En réponse à la crise, et afin de stabiliser l’économie, le gouvernement fédéral a introduit la Prestation canadienne d’urgence (PCU), qui fournit une allocation mensuelle de 2 000 $. La PCU est unique en ce sens qu’elle n’est pas soumise à un critère de revenu et que les paramètres d’admissibilité sont larges. Compte tenu de l’incertitude quant à la durée de la crise et à la rapidité avec laquelle la PCU a été lancée, l’idée d’une allocation universelle en tant que politique publique a suscité une certaine attention.
L’Institut Broadbent a organisé une séance sur les modèles de politiques publiques en réponse à des crises ainsi que sur les questions d’équité, de justice et d’impartialité. Il est apparu clairement que l’allocation universelle est un concept mal défini, sans lignes directrices claires sur la manière dont il est administré, qui le finance, l’admissibilité et l’objectif visé. La gauche politique utiliserait l’allocation universelle pour lutter contre les inégalités, tandis que l’extrême droite verrait en cette allocation un moyen de réduire la dépendance à l’égard de l’État et de promouvoir la fourniture de biens et de services par le biais du marché. En tant qu’outil, cette allocation semble être brutale et potentiellement désastreuse, selon la personne qui l’administre.
L’économiste Armine Yalnizan a fait valoir que nous sommes dans une ère de croissance économique réduite et de baisses des salaires et de l’inflation, qui se conjugue avec une population en âge de travailler relativement petite par rapport à celle qui ne travaille pas. Autrement dit, l’assiette fiscale est limitée et lourdement sollicité. M. Yalnizan a mis en garde contre l’allocation universelle étant donné qu’elle ne permettrait pas de « relever le plancher », mais qu’elle désavantagerait plutôt ceux qui ont moins de ressources, de sorte que la question de l’équité et de la justice ne serait pas abordée.

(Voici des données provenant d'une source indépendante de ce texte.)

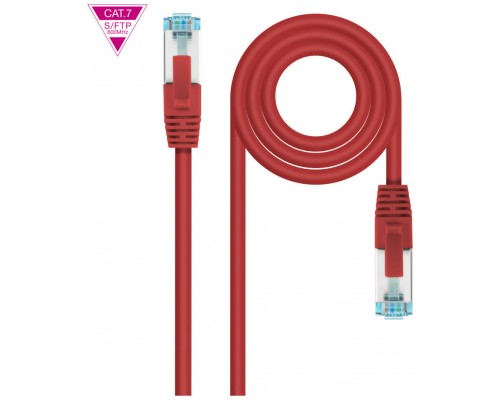 CABLE DE RED LATIGUILLO 600MHZ LSZH SFTP PIMF CAT7 AWG26 0.25 M ROJO NANOCABLE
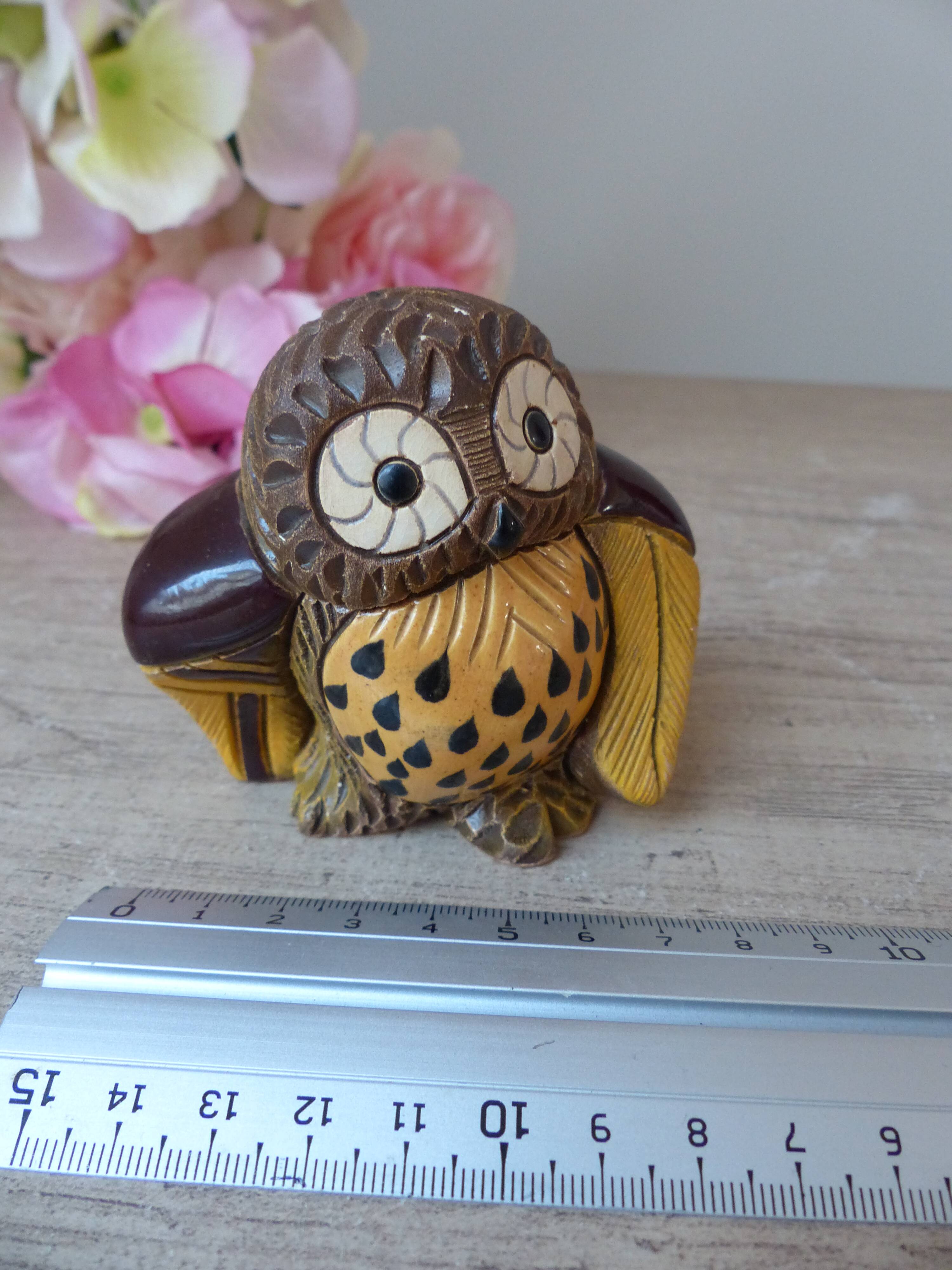 Hand carved Rinconada ceramic owl figurine made in Uruguay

Comme l’a déclaré M. Yalnizan, « l’allocation universelle n’est pas la recette miracle pour assurer la dignité [des gens] ».
Yalnizan a souligné que, parmi les pays membres du G7, le Canada a le taux le plus élevé d’utilisation de travailleurs faiblement rémunérés, soulignant que l’accent mis sur l’attaque contre les travailleurs ne devrait pas être perdu une fois la pandémie terminée. Il est temps de renouveler les appels en faveur d’emplois décents, de la qualité de vie au travail et de salaires vitaux. C’est également le moment de marchandiser le travail qui n’a traditionnellement pas été marchandisé et valorisé, comme le travail des femmes, qui est évalué à 10 billions de dollars par an.
De plus, les systèmes de revenu à plusieurs paliers, comme l’était l’assurance-emploi dans les années 1940, étaient censés réduire l’impact d’un ralentissement économique et maximiser le pouvoir d’achat tout en stabilisant automatiquement l’économie. Dans le cadre du système d’assurance-emploi actuel, seulement 39 % des personnes – et seulement 32 % des femmes – qui présentent une demande sont admissibles. En tant que mesures, l’allocation universelle et les programmes similaires aident simplement les gens à rester à flot pendant les périodes difficiles.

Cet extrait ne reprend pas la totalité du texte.